Adds GATE (Graph Attention with self/neighbour-separated attention) as a Track 1 graph backbone.

• Nimrah Mustafa, Rebekka Burkholz. GATE: How to Keep Out Intrusive Neighbors. ICML 2024 - arXiv:2406.00418
• code: RelationalML/GATE.

GATE is GATv2 with one targeted change (Eq. 4): the attention logit uses a separate learnable vector for a node's self-loop (a_t) versus its neighbours (a_s), so a node can parameterize its own self-attention independently and suppress aggregation from unrelated ("intrusive") neighbours. That's what makes it robust on heterophilic graphs - the axis GraphUniverse sweeps.

Files

• topobench/nn/backbones/graph/gate.py : GATEConv (the attention layer) and GATE (stacked backbone). Docstrings cite the paper's Eq. 1/2/4.
• configs/model/graph/gate.yaml : Hydra config on GNNWrapper + NoReadOut; one config serves both challenge tasks.
• test/nn/backbones/graph/test_gate.py : 10 tests, 100% backbone coverage.
• test/pipeline/test_pipeline.py : registers graph/gate for the CI MUTAG integration test.
• 2026_tdl_challenge/outputs/.../results.json : GraphUniverse grid output

Fidelity
The reference repo doesn't run under modern PyG (it ships a modified, older-PyG MessagePassing base), so I implemented a clean standalone version directly from the paper's equations, and validated it three ways:

1. an independent dense reimplementation of the GATE update (parity across configurations);
2. reduction to PyG's official GATv2Conv : in the shared-attention special case our layer matches PyG bit-for-bit (external reference for the routing/softmax/aggregation);
3. a property test of Thm. 4.3 - with zero-initialized attention the layer is exactly uniform mean-aggregation at init.

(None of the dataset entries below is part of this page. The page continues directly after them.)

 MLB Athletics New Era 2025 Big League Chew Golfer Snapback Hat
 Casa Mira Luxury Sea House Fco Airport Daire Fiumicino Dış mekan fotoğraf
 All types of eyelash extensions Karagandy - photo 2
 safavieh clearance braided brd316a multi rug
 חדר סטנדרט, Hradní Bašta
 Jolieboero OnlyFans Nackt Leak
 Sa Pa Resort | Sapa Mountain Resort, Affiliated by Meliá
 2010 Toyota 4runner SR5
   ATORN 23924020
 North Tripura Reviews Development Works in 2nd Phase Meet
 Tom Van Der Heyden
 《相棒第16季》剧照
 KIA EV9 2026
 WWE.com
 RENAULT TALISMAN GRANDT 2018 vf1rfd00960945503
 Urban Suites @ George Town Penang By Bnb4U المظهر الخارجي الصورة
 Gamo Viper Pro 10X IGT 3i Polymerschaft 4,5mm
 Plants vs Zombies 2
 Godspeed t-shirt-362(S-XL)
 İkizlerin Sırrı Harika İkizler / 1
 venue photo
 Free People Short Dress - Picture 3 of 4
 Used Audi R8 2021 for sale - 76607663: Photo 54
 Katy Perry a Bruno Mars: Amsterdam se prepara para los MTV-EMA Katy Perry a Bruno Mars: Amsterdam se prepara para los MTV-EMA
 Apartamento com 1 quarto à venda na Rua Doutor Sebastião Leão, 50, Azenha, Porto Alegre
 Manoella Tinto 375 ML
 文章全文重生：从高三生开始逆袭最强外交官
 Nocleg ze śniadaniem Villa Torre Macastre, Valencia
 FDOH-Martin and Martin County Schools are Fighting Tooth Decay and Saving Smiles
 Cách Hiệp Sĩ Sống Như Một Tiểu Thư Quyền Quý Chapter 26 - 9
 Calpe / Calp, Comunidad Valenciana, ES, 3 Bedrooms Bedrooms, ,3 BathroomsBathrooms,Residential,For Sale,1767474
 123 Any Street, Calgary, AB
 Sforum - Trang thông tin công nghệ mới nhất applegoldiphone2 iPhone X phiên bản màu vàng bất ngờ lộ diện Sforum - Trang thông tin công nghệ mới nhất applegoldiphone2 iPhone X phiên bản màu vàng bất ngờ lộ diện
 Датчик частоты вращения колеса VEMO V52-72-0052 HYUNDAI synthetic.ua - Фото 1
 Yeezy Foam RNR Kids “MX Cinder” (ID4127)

I follow the paper's GATE (Eq. 1/2/4), not the reference repo's optional omega gate or separate self-loop value transform, neither is part of the published model (the paper adds only the d-dimensional a_t). Init follows the paper: zero attention (Thm. 4.3) + random-orthogonal weights.

Initialization
I apply the paper's prescription where it bears on the GATE mechanism: zero attention vectors (Thm. 4.3 - no initial inductive bias, so the layer starts as uniform mean-aggregation) and random-orthogonal weight matrices. I deliberately do not reproduce the paper's full looks-linear (channel-mirroring) weight construction: zero-attention already delivers the at-init uniform-aggregation property that looks-linear is there to support, and orthogonal init captures the random-orthogonal specification it builds on. The mirroring would add implementation surface without changing the attention mechanism this PR contributes. This is documented in the module docstring.

TopoBench integration

• Backbone returns node embeddings; the readout owns the classification head.
• forward(x, edge_index, edge_weight=None, **kwargs) accepts the GNNWrapper arguments; hidden width matches the encoder so the wrapper's residual is consistent.
• The config uses the fully-qualified _target_ (topobench.nn.backbones.graph.gate.GATE): the backbone auto-discovery loads files under a synthetic module name, which otherwise breaks PyG MessagePassing's inspector.

Cost. Attention is O(E·H·d); the benchmarked config (hidden 64, 4 heads, 2 layers) has 16,896 trainable parameters.

Results (72 runs, seeds 42/43/44). In-distribution community-detection accuracy 0.31–0.69 (mean 0.45; chance ≈ 0.05 over 20 communities); triangle-count MSE/triangles 0.015–3.80, all finite. Per-setting/per-seed/OOD values are in results.json. Run on CPU (no CUDA device) under WANDB_MODE=offline, so the optional W&B fields are empty; metrics are seeded and
device-independent.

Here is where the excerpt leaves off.